• **REQUIREMENT**: The result should be the listing below restated word for word, with images left out.

⟨

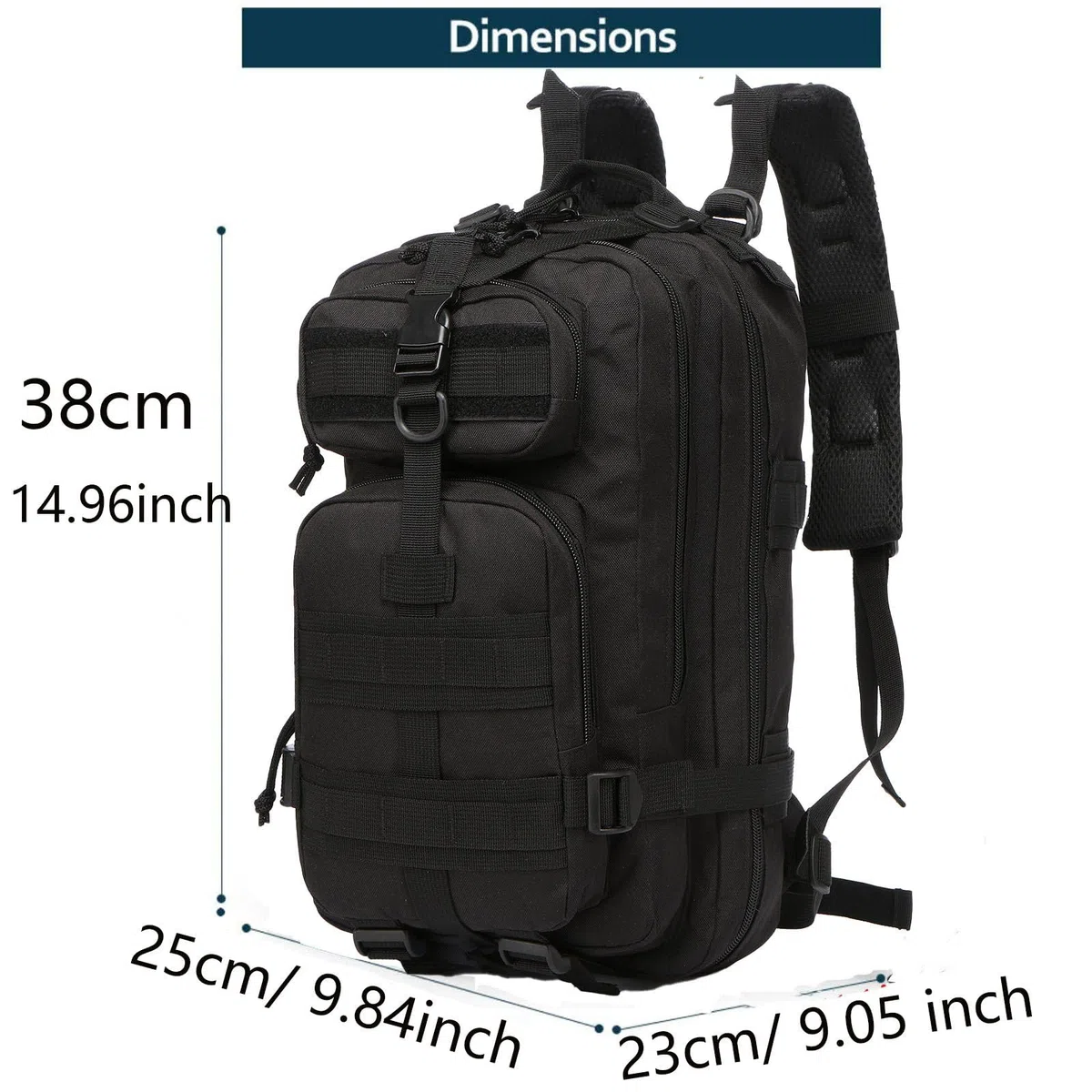 Mochila De Pesca De 20 Litros Impermeable De Nailon Duradera,Mochila Deportiva Táctica Militar Al Aire Libre Mochilas De Senderismo Casual (Negro)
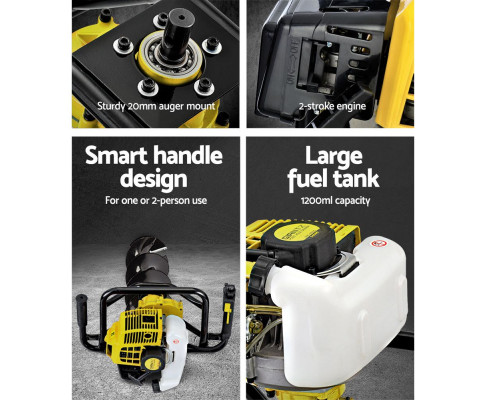 Giantz Post Hole Digger 92CC Petrol Auger Diggers Drill Borer Fence Earth Power DI-YE-ES88-KIT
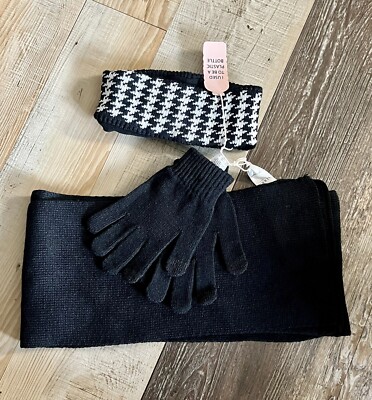 Serra Ladies Piece Headband, Gloves, And Scarf Set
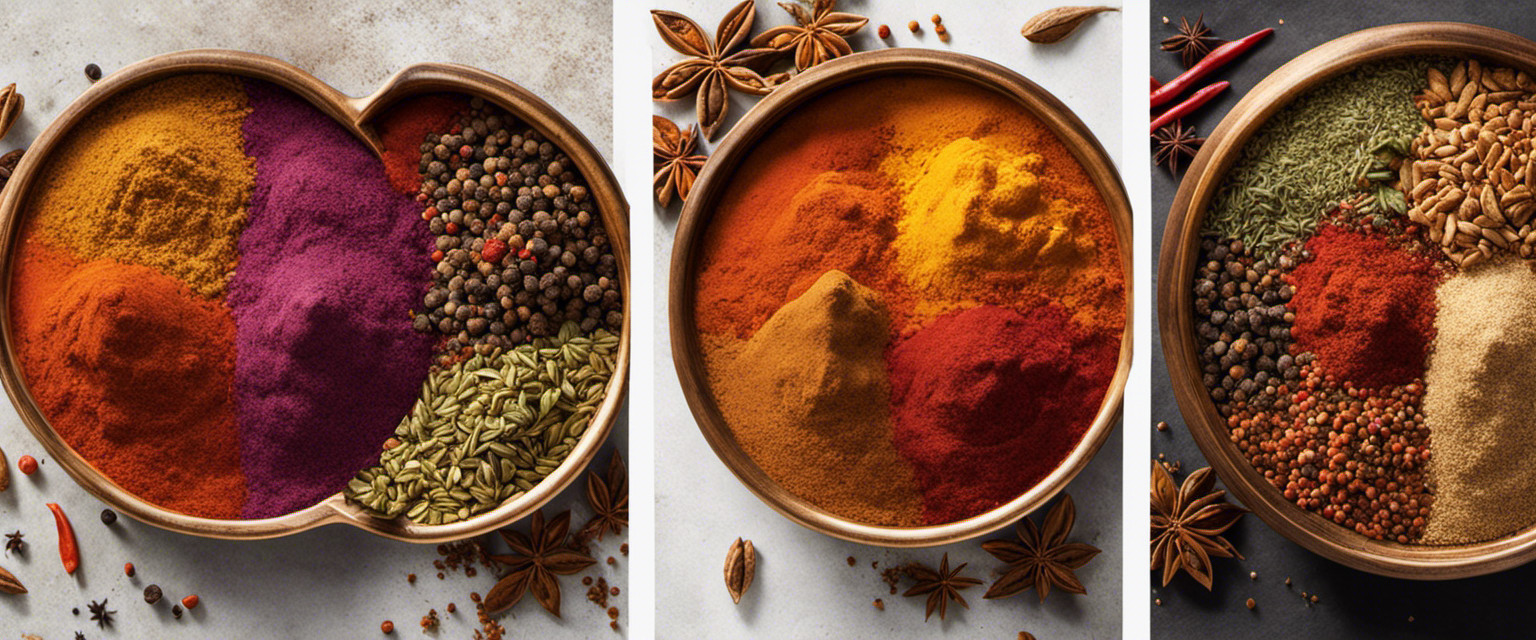 An image featuring a vibrant palette of ground spices arranged to depict well-known works of art throughout history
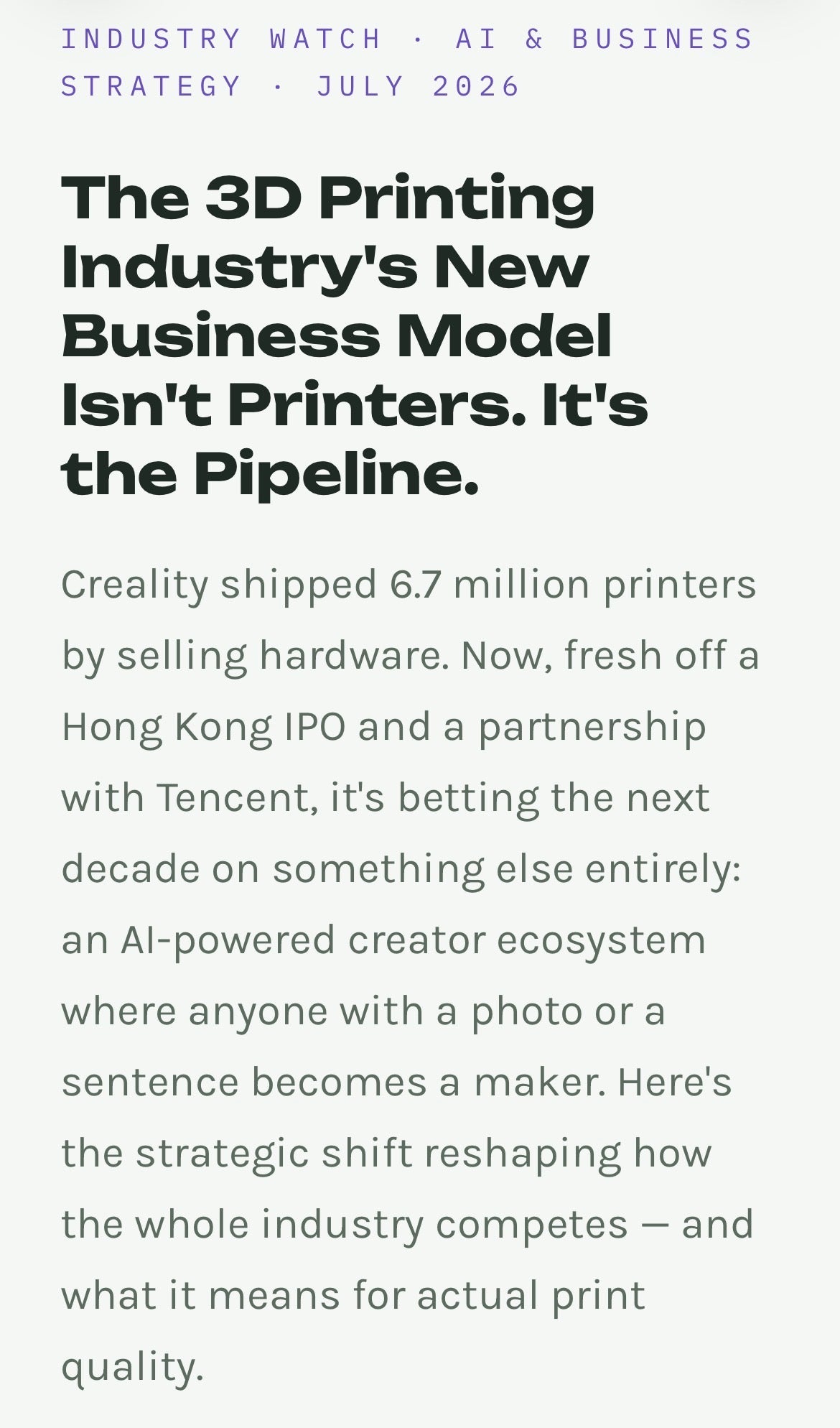 The 3D Printing Industry's New Business Model Isn't Printers. It's the Pipeline.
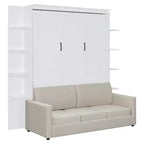 Whisen Modern Design Wood Frame Queen Size Murphy Bed Wall Bed with Sofa and Shelves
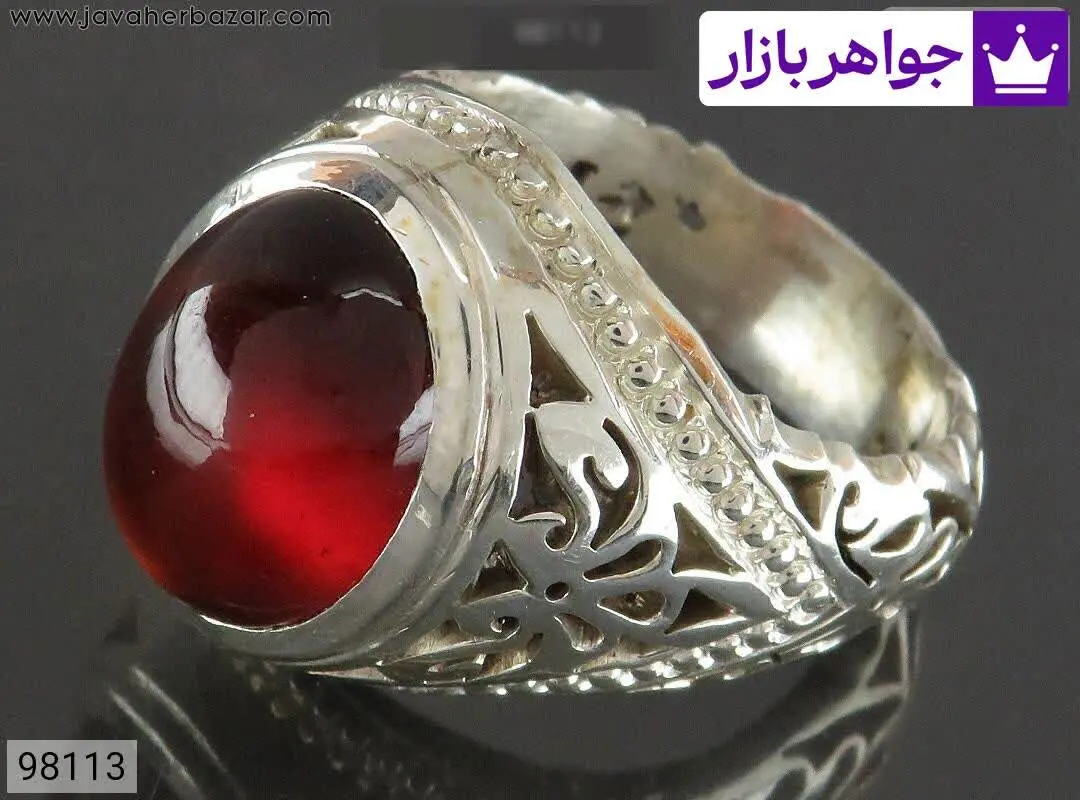 انگشتر نقره گارنت دامله فاخ...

⟩

• **ANSWER TO THE EXERCISE**:
 Mochila De Pesca De 20 Litros Impermeable De Nailon Duradera,Mochila Deportiva Táctica Militar Al Aire Libre Mochilas De Senderismo Casual (Negro)
 Giantz Post Hole Digger 92CC Petrol Auger Diggers Drill Borer Fence Earth Power DI-YE-ES88-KIT
 Serra Ladies Piece Headband, Gloves, And Scarf Set
 An image featuring a vibrant palette of ground spices arranged to depict well-known works of art throughout history
 The 3D Printing Industry's New Business Model Isn't Printers. It's the Pipeline.
 Whisen Modern Design Wood Frame Queen Size Murphy Bed Wall Bed with Sofa and Shelves
 انگشتر نقره گارنت دامله فاخ...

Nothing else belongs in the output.